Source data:
Start of Block

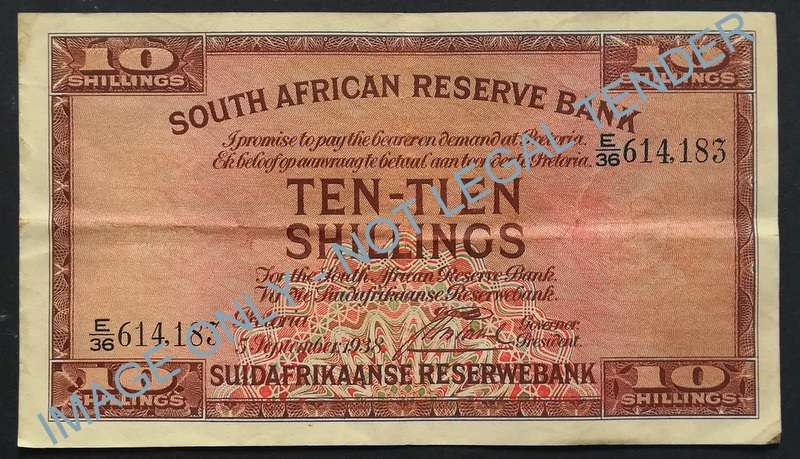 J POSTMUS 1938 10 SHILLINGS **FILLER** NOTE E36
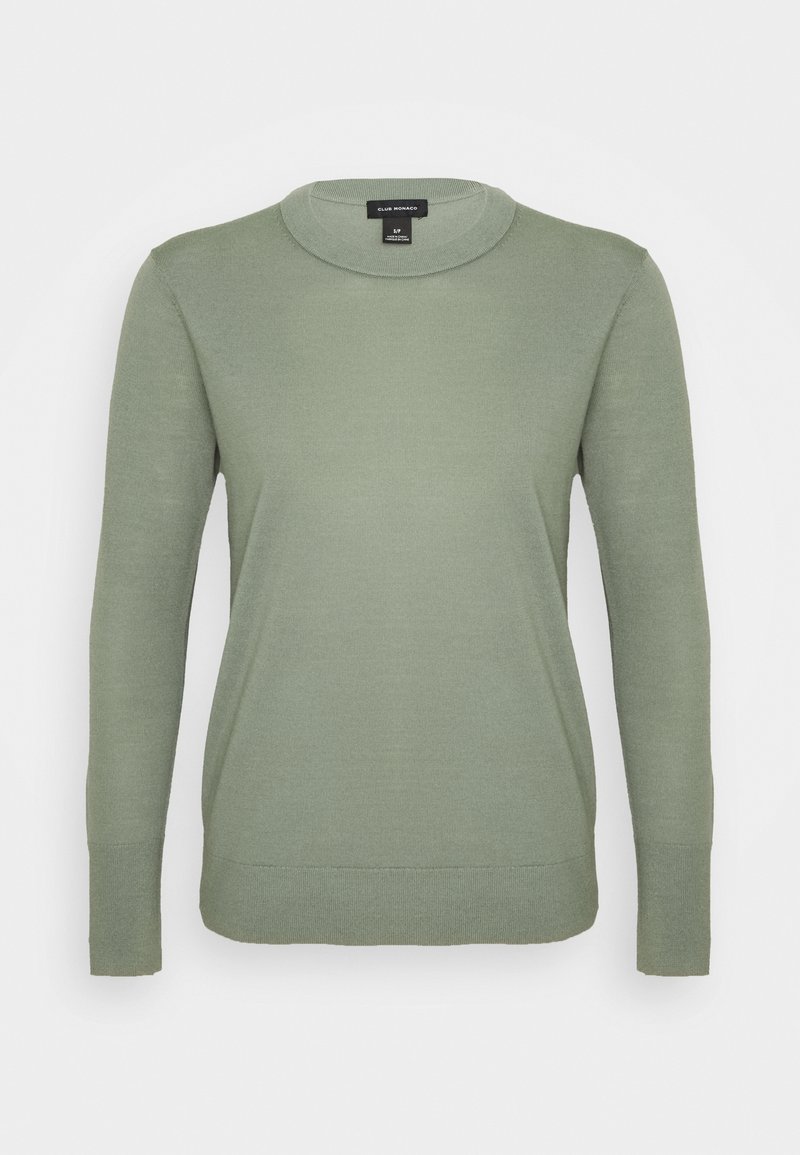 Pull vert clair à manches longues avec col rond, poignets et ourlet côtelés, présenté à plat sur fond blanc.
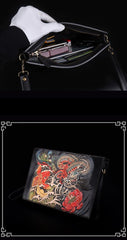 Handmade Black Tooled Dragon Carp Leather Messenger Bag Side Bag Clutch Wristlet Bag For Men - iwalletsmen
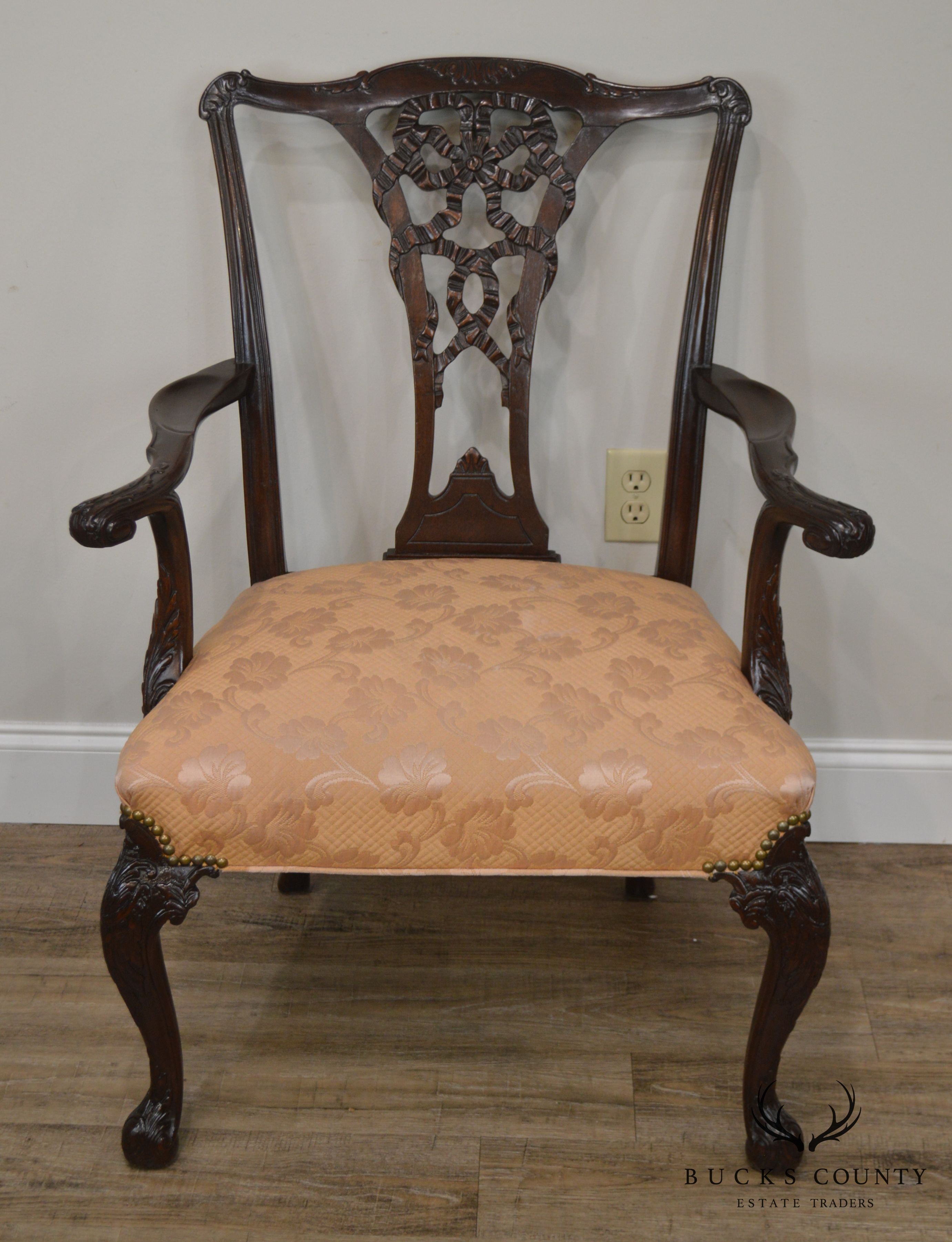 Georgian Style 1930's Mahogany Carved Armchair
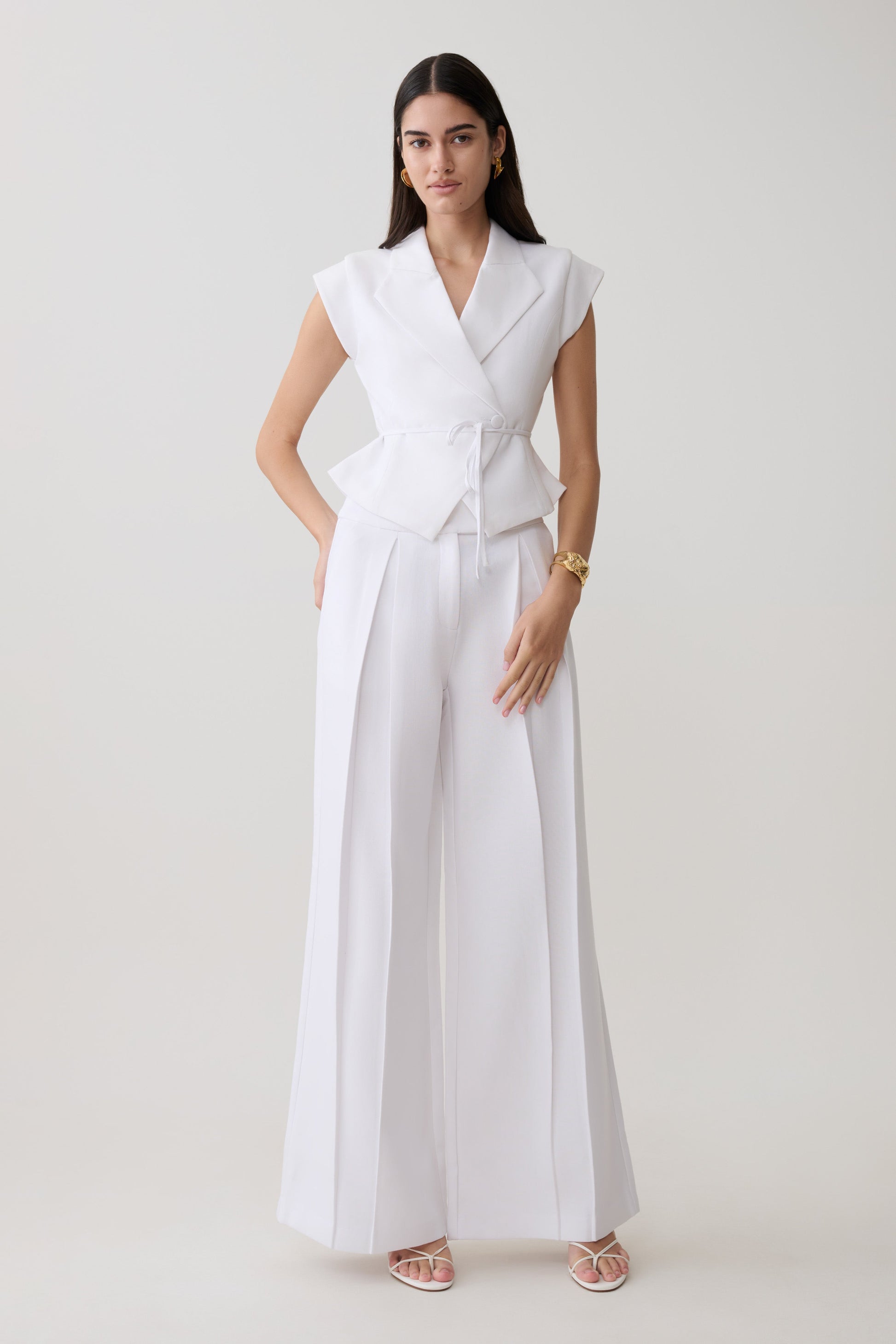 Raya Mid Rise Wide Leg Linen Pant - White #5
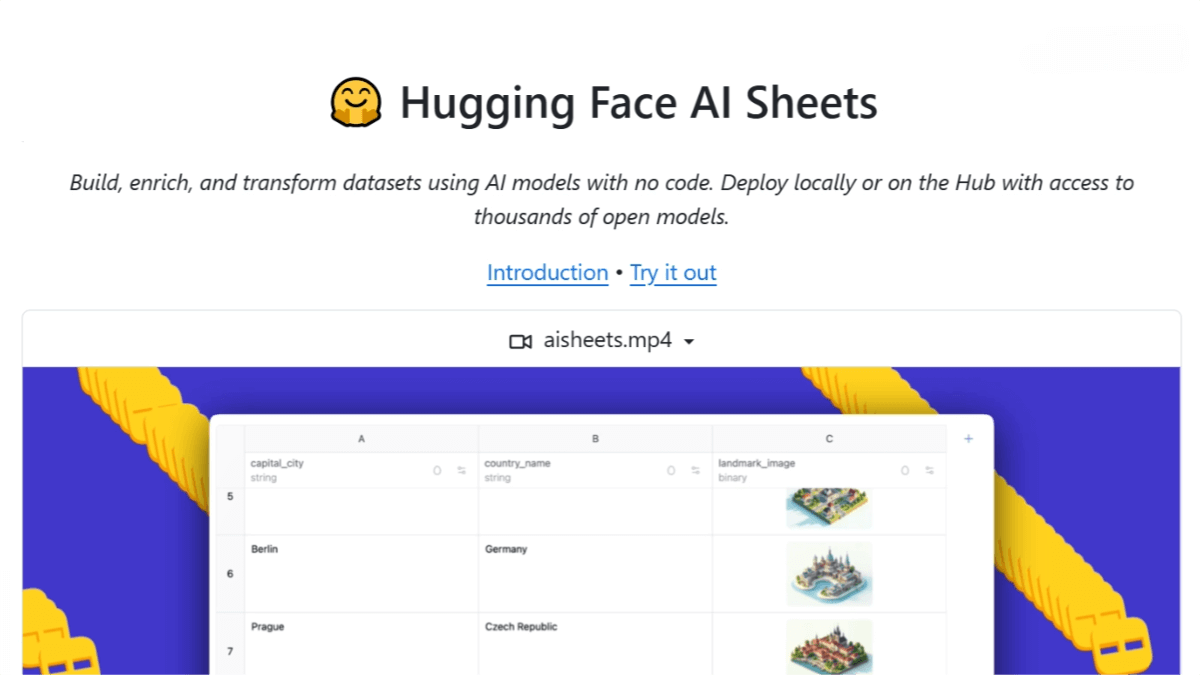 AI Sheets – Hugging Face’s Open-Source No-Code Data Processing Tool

End of Block

* **Problem to work on**
Copy the records exactly, minus any pictures.

* **Reply to the exercise**
 J POSTMUS 1938 10 SHILLINGS **FILLER** NOTE E36
 Pull vert clair à manches longues avec col rond, poignets et ourlet côtelés, présenté à plat sur fond blanc.
 Handmade Black Tooled Dragon Carp Leather Messenger Bag Side Bag Clutch Wristlet Bag For Men - iwalletsmen
 Georgian Style 1930's Mahogany Carved Armchair
 Raya Mid Rise Wide Leg Linen Pant - White #5
 AI Sheets – Hugging Face’s Open-Source No-Code Data Processing Tool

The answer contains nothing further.